[jira] [Comment Edited] (SOLR-8776) Support RankQuery in grouping

Diego Ceccarelli (JIRA) Thu, 10 Mar 2016 09:09:10 -0800

    [ 
https://issues.apache.org/jira/browse/SOLR-8776?page=com.atlassian.jira.plugin.system.issuetabpanels:comment-tabpanel&focusedCommentId=15189552#comment-15189552
 ]


Diego Ceccarelli edited comment on SOLR-8776 at 3/10/16 5:08 PM:
-----------------------------------------------------------------

[~joel.bernstein] thanks for pointing out about the {MergeStrategy}. I uploaded 
a new patch with a first step. I agree that merge strategy must stay there, 
that's why I wrote "partially moved" :)   as well as there's IndexSearcher and 
SolrIndexSearcher, I moved {RankQuery} in Lucene and created lucene 
{SolrRankQuery}.  The reason is that the {RankQuery} works by manipulating the 
collector, through this method:

{code:java}
public abstract TopDocsCollector getTopDocsCollector(int len, QueryCommand cmd, 
IndexSearcher searcher) throws IOException;
{code}

At the moment what happens is that if the query is a RankQuery, and into the 
SolrIndexSearcher: 
{code:java}
  private TopDocsCollector buildTopDocsCollector(int len, QueryCommand cmd) 
throws IOException {

    Query q = cmd.getQuery();
    if (q instanceof RankQuery) {
      RankQuery rq = (RankQuery) q;
      return rq.getTopDocsCollector(len, cmd, this);
    }
    ..
{code}

Instead of creating a top collector using the {TopScoreDocCollector.create}, we 
wrap a topScoreCollector into a 'RankQuery' collector.

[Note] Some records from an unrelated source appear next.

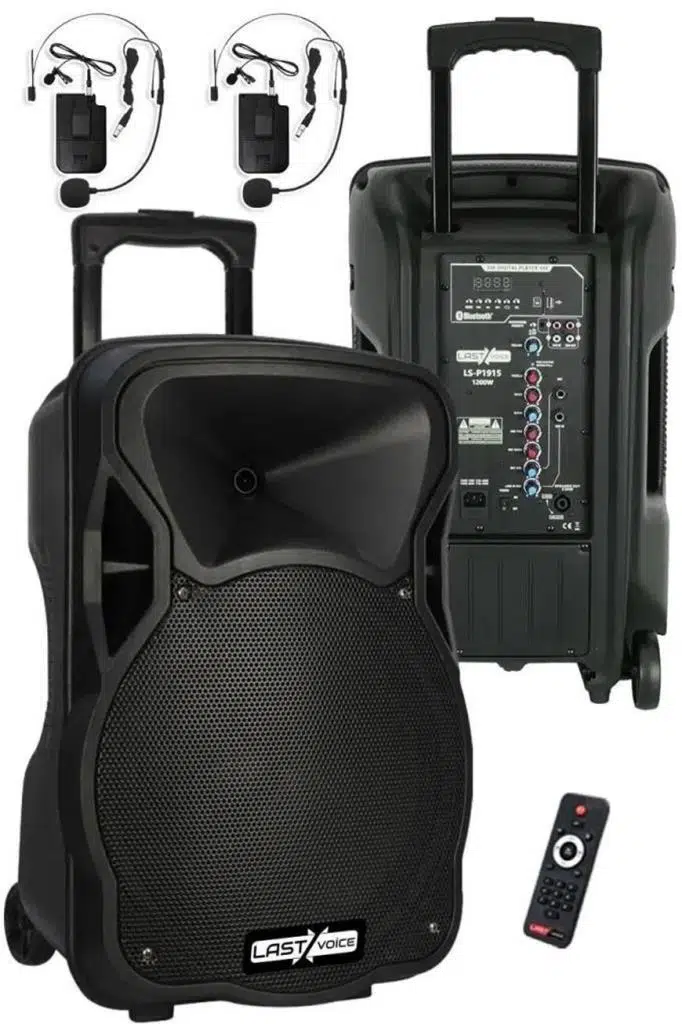 Lastvoice LS-P1915HH Portatif Taşınabilir 2'li Headset Mikrofonlu Seyyar Ses Sistemi 15 İNÇ 1200 WATT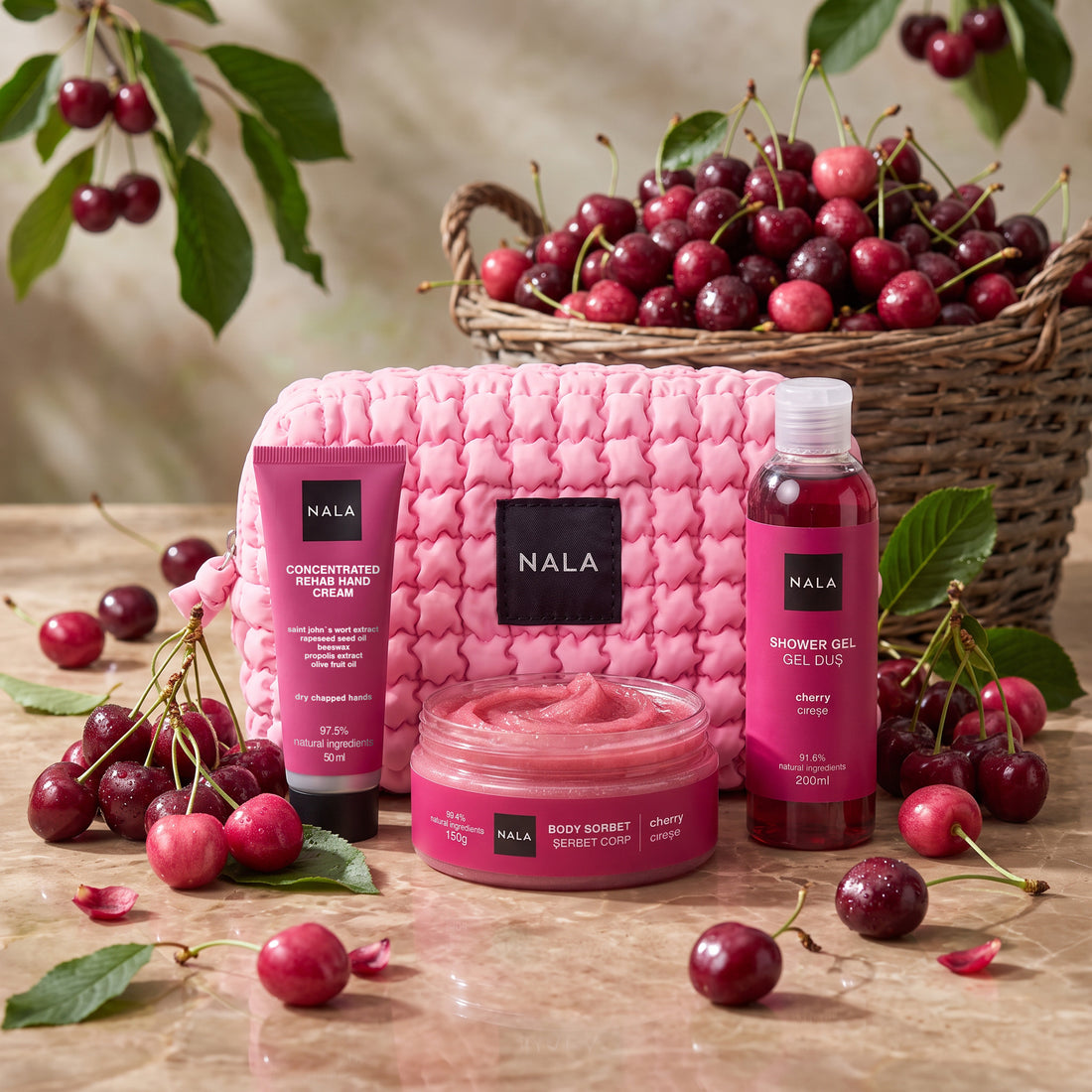 Set Baie și Îngrijire Puffy - Cireșe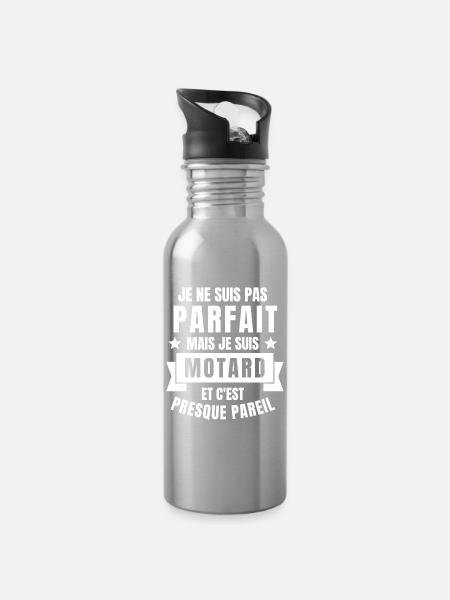moto, moto sport, moto humour - Gourde avec paille intégrée - argent clair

Let me remind that grouping works in two separate stages:
   *  in the first stage, we iterate on the documents scoring them and keep a 
map {<group -> score>} where score is the highest score of a document in the 
group (the map contains only the TOP-k groups with the highest scores);
   * for each group in the top groups documents in the group are ranked and top 
documents for each group are returned.

This logic is mainly implemented into 
{Abstract(First|Second)PassGroupingCollector} (within Lucene). 

We should probably discuss what means reranking for groups: in my opinion we 
should keep in mind that the idea behind RankQuery is that you don't want to 
apply the query to all the documents in the collection, so the "group-reranking"
should: 

   1 in the first stage, we iterate on the documents scoring them as usual and 
keep a map {group -> score>};
   2 for each group, RankQuery is applied to the top documents in the group;
   3 groups will be reranked according to the new scores.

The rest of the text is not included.